Pursued by a wolf, she seeks refuge in an abandoned house. “Are there any Chileans here,” she asks out-loud as she wanders from one room to another. Instead she finds two of the three pigs hiding in a corner. Naming them Ana and Pedro, she promises to protect them from the wolf who, in the voice of the colony’s ruler, continually taunts her, his eye taking over an entire wall. The house continually metamorphoses around her. The pigs turn into two dark-skinned children and María raises them as her own. A horrible accident and the honey produced by the colony’s farm transforms them into two perfect Aryan kids. But, really, any attempt at describing the film’s story will fall short for its power lies beyond the mere telling.

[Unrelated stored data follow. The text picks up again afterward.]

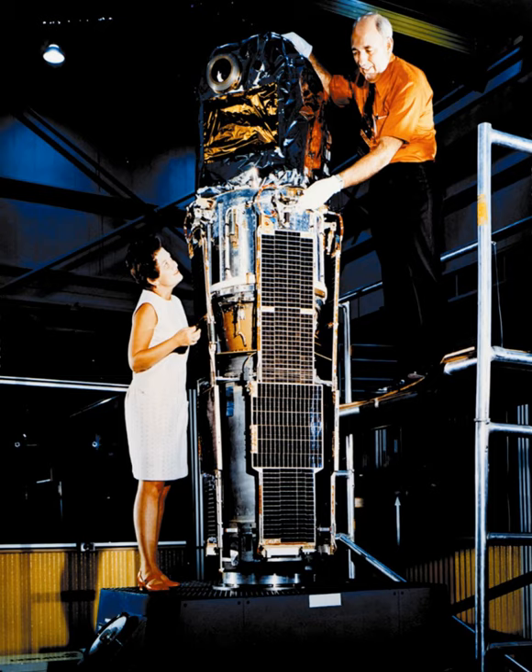Uhuru was the first satellite launched specifically for the purpose of X-ray astronomy. It was also known as the X-ray Explorer Satellite, SAS-A, being the first of the three spacecraft SAS series, SAS-1, or Explorer 42.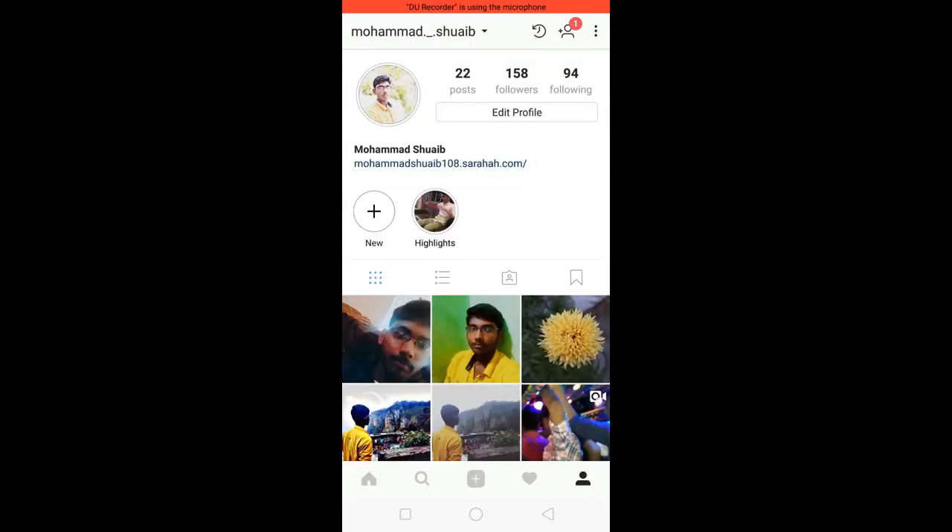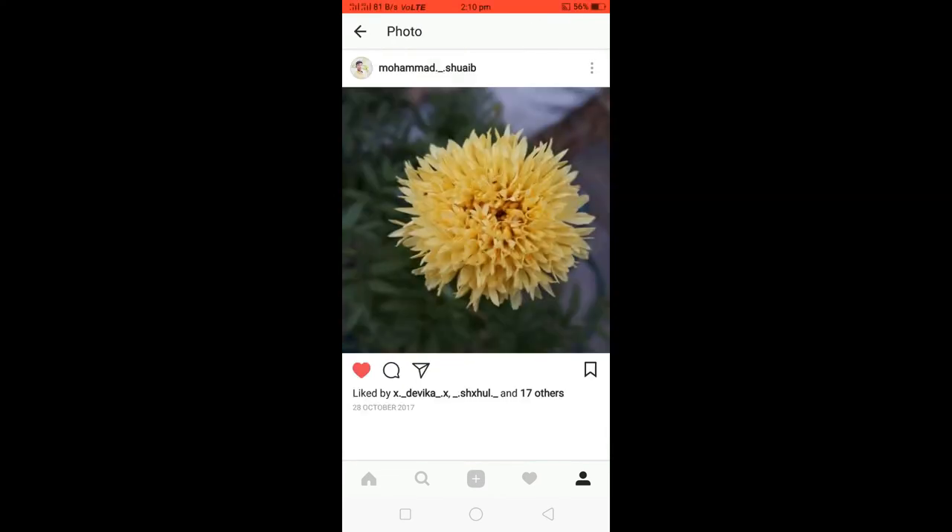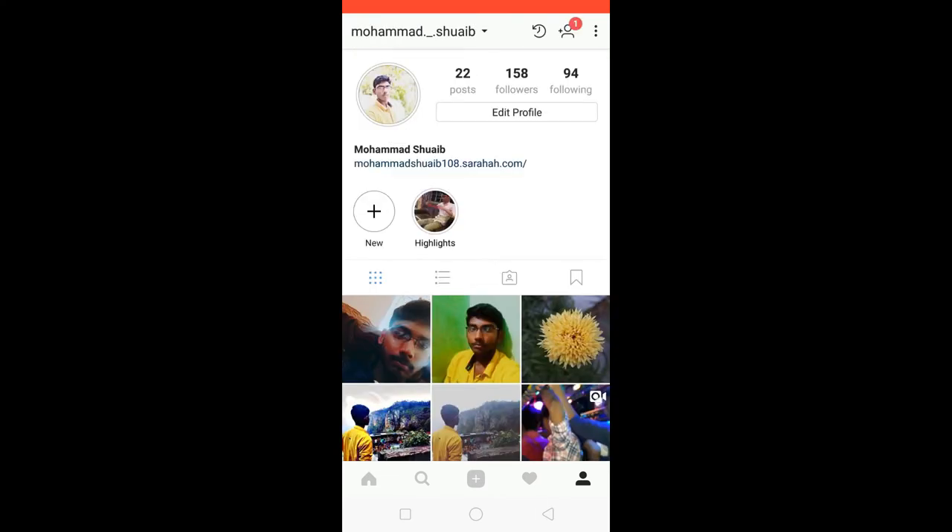Open your friend's profile. I'm doing it on my own profile, so if you want you can follow my Instagram account. This is my username. I'm going to take a screenshot of this photo.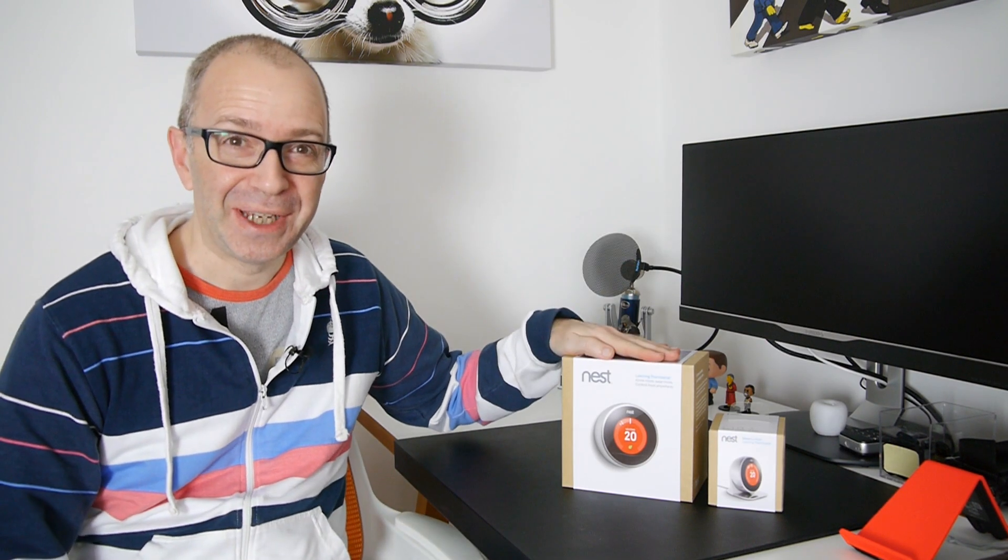Hi everyone, this is Dave from Geekanoids, and welcome to my unboxing and first look at the Nest Thermostat. I am super excited about this because I love being able to automate things within my house.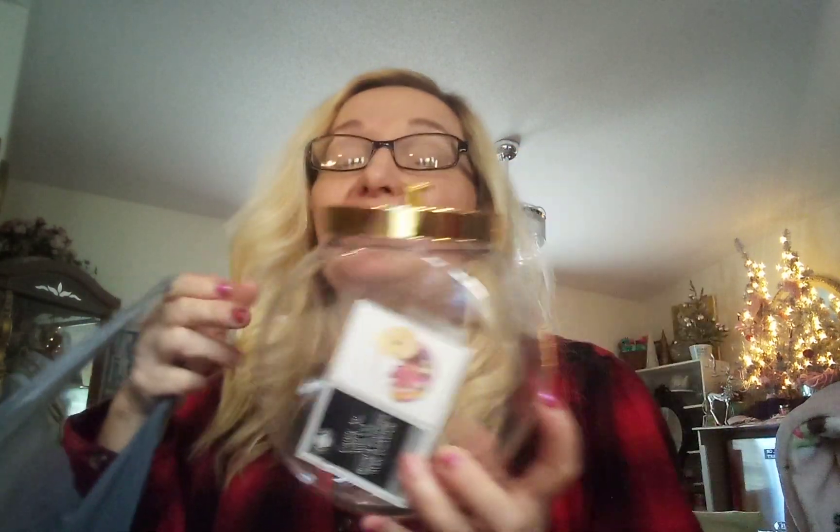I am continuing my Dollar Tree haul. I just want to show you guys what I found. Look at these beautiful little — they're plastic, but look at the gold lids. They call them candy jars with lid, but you can use this for pretty much anything: your craft room, your hot cocoa bar, maybe your office supplies. But how beautiful! Of course, take the stickers off and be on the hunt for these.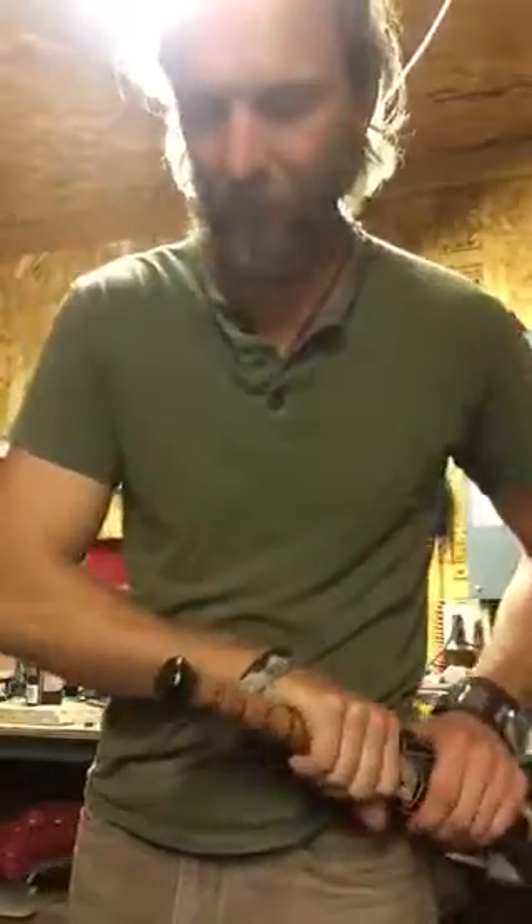Hey guys, I wanted to show you this thing that I've been working on. It's a sheath for basically a knockoff samurai sword that I bought from a magazine for like 30 bucks.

Presented as one long, uninterrupted sequence and shot in digital at several museums and galleries in Mexico City, Argentina, Germany and their native Chile, often in front of an audience, The Wolf House is a beautifully, intricately handcrafted and breathtaking work. Characters turn from hand drawn figures sliding along the house’s walls into fully-fleshed three-dimensional creations made out of papier-mâché, cardboard and tape. Arms, legs, even the whole body are pushed and pulled and made to stand up or lean back by very visible pieces of transparent tape. Materials are discarded and pushed aside in the frame to make way for new shapes, new objects. Characters go from nightmarish to angelical in one single motion. Even the language spoken keeps you off-balance, disoriented, as the characters switch from German to Spanish and back again. The scratches of a pencil on a wall as images or shadows are drawn contributes to a sense of dread, of otherworldliness, of things not being quite what they seem, of a mind falling apart.

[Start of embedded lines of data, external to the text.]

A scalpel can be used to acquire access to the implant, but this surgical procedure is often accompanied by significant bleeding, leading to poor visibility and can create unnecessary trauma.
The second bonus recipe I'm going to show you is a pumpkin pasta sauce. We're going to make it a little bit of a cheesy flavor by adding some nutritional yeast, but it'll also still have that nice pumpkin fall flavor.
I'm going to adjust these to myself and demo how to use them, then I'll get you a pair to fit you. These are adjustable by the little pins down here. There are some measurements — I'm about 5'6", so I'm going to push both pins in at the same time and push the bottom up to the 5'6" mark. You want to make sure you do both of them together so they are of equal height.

María’s story is presented as a cautionary tale by the colony’s leader and, in a way. it is…but not as he intended. The house and its many shape-shifting rooms react to María’s fragile state; they externalize the trauma, the pain she has endured. María is keen on telling stories and singing songs to her two “children” for they offer a safe haven from the nightmare. And yet, for all its dark underpinnings, The Wolf House is also a beautiful film, the kind that will make you want to hit the pause button often. But beware, once you hit the play button again, you will be pulled back into this unsettling, unnerving world. A world that leaves no options for its protagonist: either live isolated from the colony with her two children as food supplies dwindle or return to a community that has willingly isolated itself from the rest of the world under the autocratic rule of its leader. There is no escaping the Big Bad Wolf. The Grimm Brothers would be approve of what Cociña and León have created here: a fairy-tale for our modern times.